As of late, though, Marvel has seemed to be much more willing to allow their movies and TV series to be more serious and have darker tones. This started with Avengers: Infinity War which led to a rather heartbreaking end after all the fun and fanservice. That feeling of heartbreak was solidified in Avengers: Endgame when we said goodbye to the likes of Iron Man and Captain America. They allowed these moments to have time for us to feel sad for these characters and feel how serious their situations are.
Even more recently, Spider-Man: No Way Home provided fans with some of the Marvel Cinematic Universe’s most emotional moments and ended on a rather somber note. This film’s praise and success proves that Marvel Studios had nothing to fear when it came to using darker tones for their stories. It was sad, serious, and dark, but it still felt like it belonged with the rest of the MCU. Fans and critics alike loved the bold lengths the filmmakers were willing to go for it.
Not only did Spider-Man: No Way Home showcase some sadder moments and darker tones, but there’s even a scene where Charlie Cox’s Matt Murdock a.k.a Daredevil shows up.

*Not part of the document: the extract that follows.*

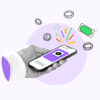 Smartphone surrounded by the icons of different money-making apps
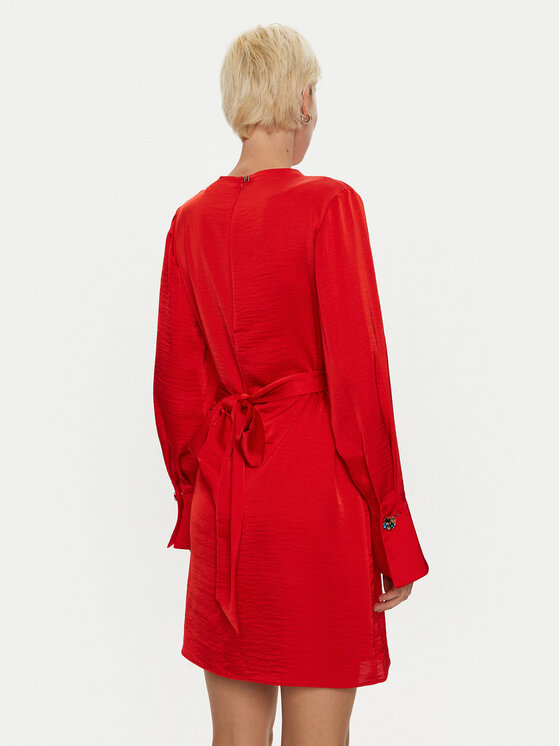 LOLA CASADEMUNT LOLA CASADEMUNT Коктейлна рокля MF2416003 Червен Regular Fit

Vincent D’Onofrio also reprises his Daredevil role as Wilson Fisk a.k.a Kingpin in the Hawkeye Disney+ series. This is the first time the larger MCU has acknowledged the Netflix Marvel series. This is huge because, even though we already knew that these series were canon to the MCU, it’s nice to finally have more of a confirmation of that. It also confirms that the MCU has contained these stories that are much grittier than what comes to mind when we think about the MCU.
The upcoming Disney+ TV series, Moon Knight, looks incredibly dark. It matches the Netflix series like Daredevil and The Punisher more than it does The Avengers. It was also recently announced that those Marvel shows will be leaving Netflix soon, which might mean they’ll eventually end up on Disney+ with the rest of the Marvel media. More and more it seems that Marvel is finally embracing darker tones where they work best.
With how annoyingly repetitive some of Marvel humor can be, and with how frequently it feels inappropriately-timed, it’s genuinely exciting that the MCU may now be willing to go darker. It will also open the door for different kinds of stories we have yet to see in the expansive film and TV franchise. Who knows what they’ll do next with this newfound acceptance of more serious tones?